Task objective: Return the material below exactly, but only from the line with "Умная колонка Yandex" through the line with "Вино Грани Ркацители О, Собер Баш", and without its pictures.

Input records:
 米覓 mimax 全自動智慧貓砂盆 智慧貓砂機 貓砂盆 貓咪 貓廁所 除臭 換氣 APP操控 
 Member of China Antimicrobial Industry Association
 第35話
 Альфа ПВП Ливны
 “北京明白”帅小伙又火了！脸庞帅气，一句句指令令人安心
* * *
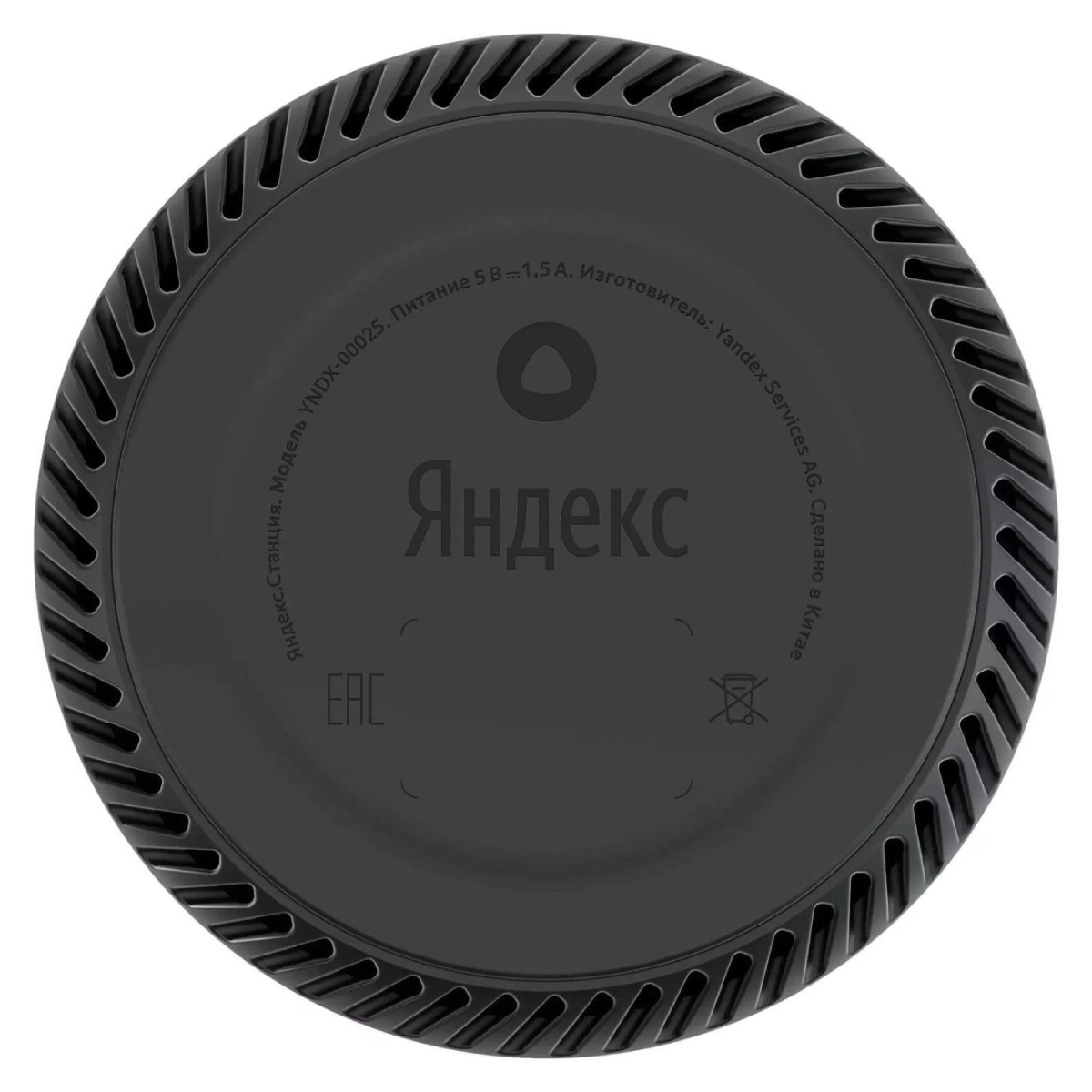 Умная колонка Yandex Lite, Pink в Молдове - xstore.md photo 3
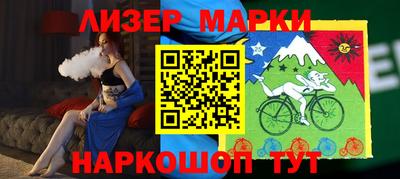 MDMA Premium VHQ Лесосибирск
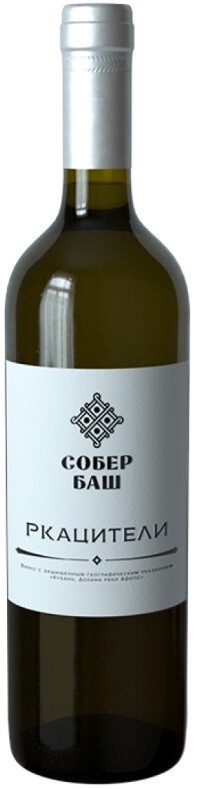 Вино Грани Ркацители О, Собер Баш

Answer for this exercise:
 Умная колонка Yandex Lite, Pink в Молдове - xstore.md photo 3
 MDMA Premium VHQ Лесосибирск
 Вино Грани Ркацители О, Собер Баш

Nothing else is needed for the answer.